One of the popular techniques is based on the usage of a pair of functions:
- PsLookupProcessByProcessId (for retrieving EPROCESS structure)
- KeStackAttachProcess with KeUnstackDetachProcess
This technique is used by both Antiviruses and Rootkits. So the final snippet code could be as follows
NTSTATUS
ReadProcessMemorySafe(
HANDLE targetProcessId,
LARGE_INTEGER memoryOffset,
PVOID destinationBuffer,
ULONG bufferLength,
PULONG bytesRead
)
{
if (!targetProcessId || !destinationBuffer || bufferLength == 0)

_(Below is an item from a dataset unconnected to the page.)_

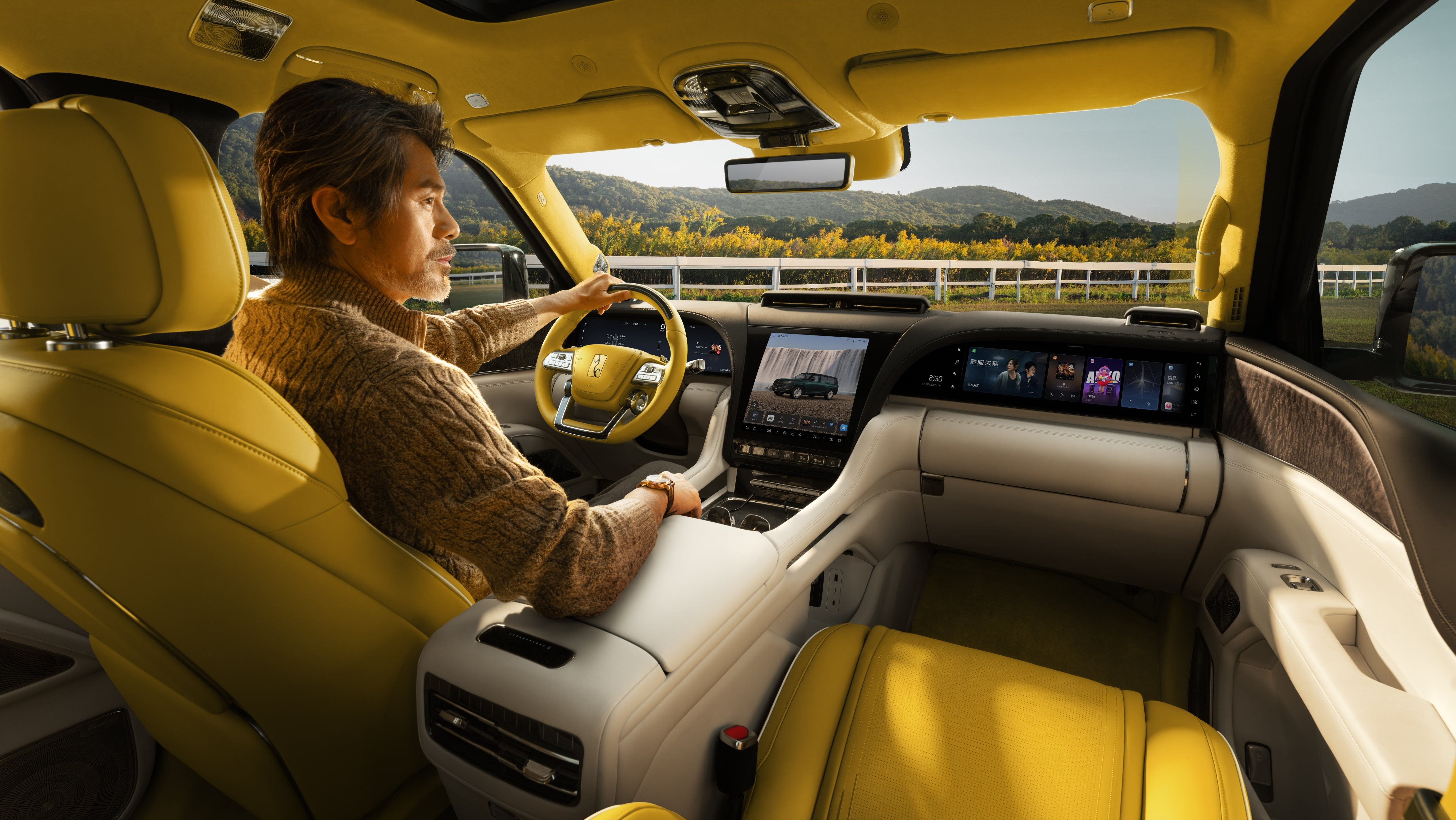 北京车展跑了一圈，结果在仰望那儿走不动道了。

return STATUS_INVALID_PARAMETER;
if (bytesRead)
*bytesRead = 0;
PEPROCESS targetProcess = NULL;
NTSTATUS status = PsLookupProcessByProcessId(targetProcessId, &targetProcess);
if (!NT_SUCCESS(status))
return status;
SIZE_T localBytesRead = 0;
status = MmCopyVirtualMemory(
targetProcess, // Source process
(PVOID)(memoryOffset.QuadPart), // Source address
PsGetCurrentProcess(), // Target is the kernel-mode caller
destinationBuffer, // Target buffer
bufferLength, // Number of bytes to read
KernelMode, // Running in kernel mode
&localBytesRead // Out: actual number of bytes copied
);
ObDereferenceObject(targetProcess);
if (NT_SUCCESS(status) && bytesRead)
*bytesRead = (ULONG)localBytesRead;
return status;
}
The careful reader could notice that, unlike ReadProcessMemory(), which is subject to user-mode process protections and access control, kernel-mode code operates at a higher privilege level and can read any address in a user-mode process.